Senate President Steve Sweeney (D-West Deptford) is prepared to back early voting.
“I believe in early voting,” he said Thursday.
Sweeney’s comments supporting the practice come a day after Gov. Phil Murphy put the early voting ball into the legislature’s court.
On Wednesday, the governor made a full-throated endorsement of early voting, adding that he needed the state’s lawmakers to send him a bill.
“I’m very happy to have the conversation with the administration,” Sweeney said.
Sweeney has backed a bill that would allow 15 days of early voting since 2015, though none of those bills made it to a committee hearing.

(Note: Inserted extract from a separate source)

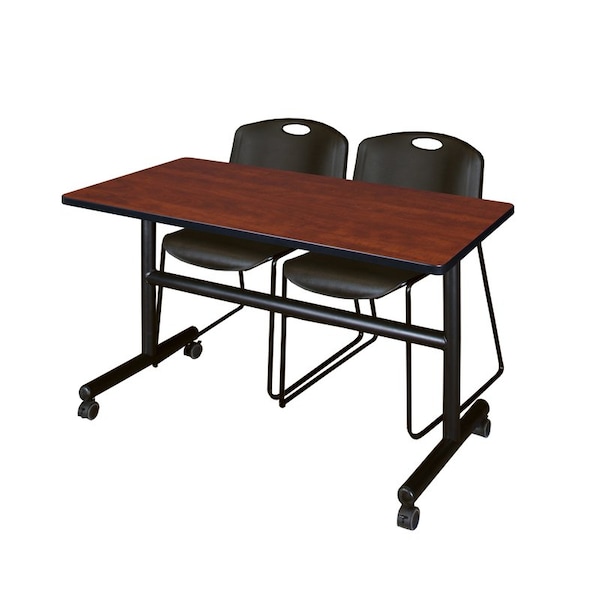Kobe Tables > Nesting Tables > Kobe Flip Top Table & Chair Sets, 48 W, 24 L, 29 H, Cherry - MKFT4824CH44BK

Murphy’s comments on Wednesday suggested the governor would prefer a longer early voting period of 30 days, though the 15-day period is more common in other states.
That may change if lawmakers take another run at the issue this year, Sweeney said, pointing to the measure’s popularity among Democrats.
“I know on the Democrats’ side, there’s always been. I can’t speak for the Republicans, to be honest with you,” Sweeney said. “It’s really always been a problem of cost.”
The measure isn’t cheap. A fiscal estimate drafted in 2015 predicted that early voting could take more than $21 million to enact, on top of annual expenditures of about $1 million to administer the program.
Those figures are likely to have risen over the past five years, though those increases may be offset somewhat by counties that have already purchased electronic poll books.